In support of social media

Oct 28, 2009 Author: Ann | Filed under: Future Trends, Marketing, blogging, social media, twitter

Yep little old me, because of the web, social media and technology has a voice. I perhaps have a lot to thank Tim Berners-Lee for! I have a voice that can not only be heard around the world but its one a few people are interested in listening too. How cool is that? Not only that, but it allows me to converse with the likes of Tom Peters, Seth Godin, Patrick Dixon, Colin Shaw and Trey Pennington.

Ten years ago this would have been impossible. I’d have had to go the traditional route, through a publisher, or, turned up to the ‘guru gigs’ and been that annoying person who hands out business cards to everyone and anyone.

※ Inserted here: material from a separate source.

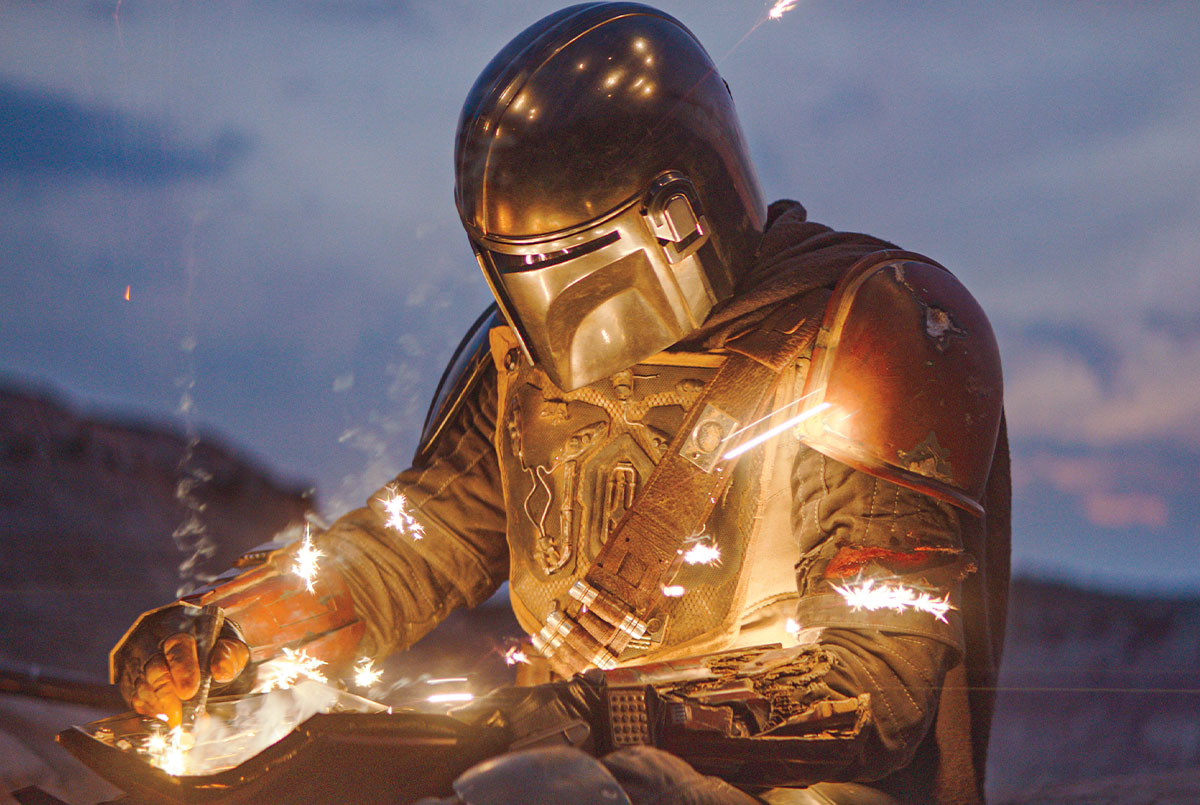 Star Wars character covered in sparks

I look around me a lot, it’s the fascinating part of my job, being able to observe. I spot a lot of people who have lost their own voice and thereby, to some degree, their individuality. They’ve adopted their corporate BS speak hook line and sinker which is as attractive as a fish wife in a small tin room.

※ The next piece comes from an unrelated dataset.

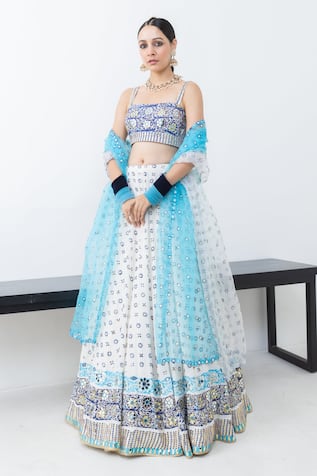 Pooja Rajgarhia Gupta Raatraani Block Print & Embroidered Lehenga Set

This ‘groundswell’ of change in how we communicate can be seen as a threat or an opportunity. Small businesses have the distinct of advantage of seeing it only as an opportunity. They tend to be set up for this change far better than corporate businesses. They tend to have more intimate relationships with their customers and staff, so making the jump is more like a hop and a skip really.

What’s your position?

Oct 27, 2009 Author: Ann | Filed under: Brand, Customer Service, Marketing, Strategy

Some time ago John McMahon from www.forum21.co.uk professed that there were nine competitive advantages ranging from production cost to marketing to R & D. I still think he is right but those nine can be honed down into two differentiating factors; the price you charge and doing something definably different/innovative.

Realistically, if you’re in the price sensitive market, price in some ways is all you’ve got and we know where that leads. More price reductions, more price promotions, more sales deals, less margins. People want quality but have low expectations of customer service. Let’s be honest, if I go into Primark, I’m not that bothered about having a meaningful, long term relationship with the people in there. I want my t-shirt for £1 and then I want to leave.

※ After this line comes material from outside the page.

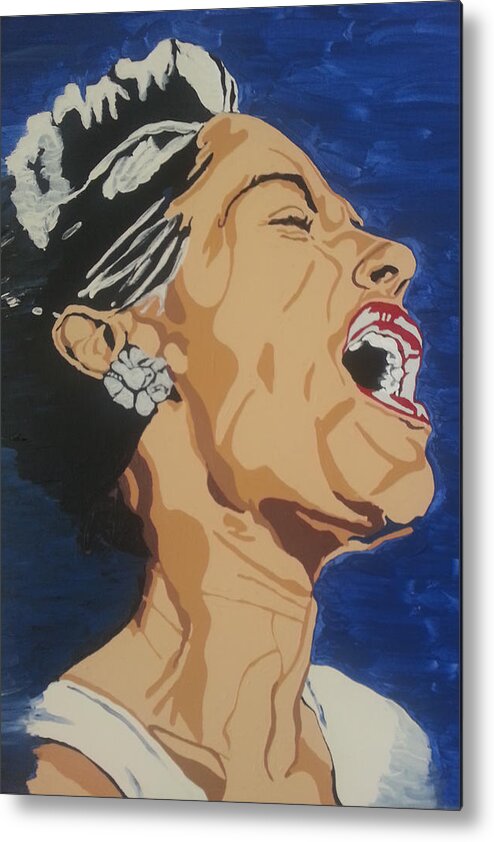 Billie Holiday Metal Print featuring the painting Lady Sings The Blues by Rachel Natalie Rawlins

If you’re delivering something different and innovative, now that’s a different ball game all together. Expectations from the start are critically higher. We demand undivided attention if we are buying a premium product. We desire a mutually respectful relationship that’s full of trust. Our motivations to purchase are just as much about the product as the service and its emotional too. The focus has got to be the unrelenting exceptional customer experience.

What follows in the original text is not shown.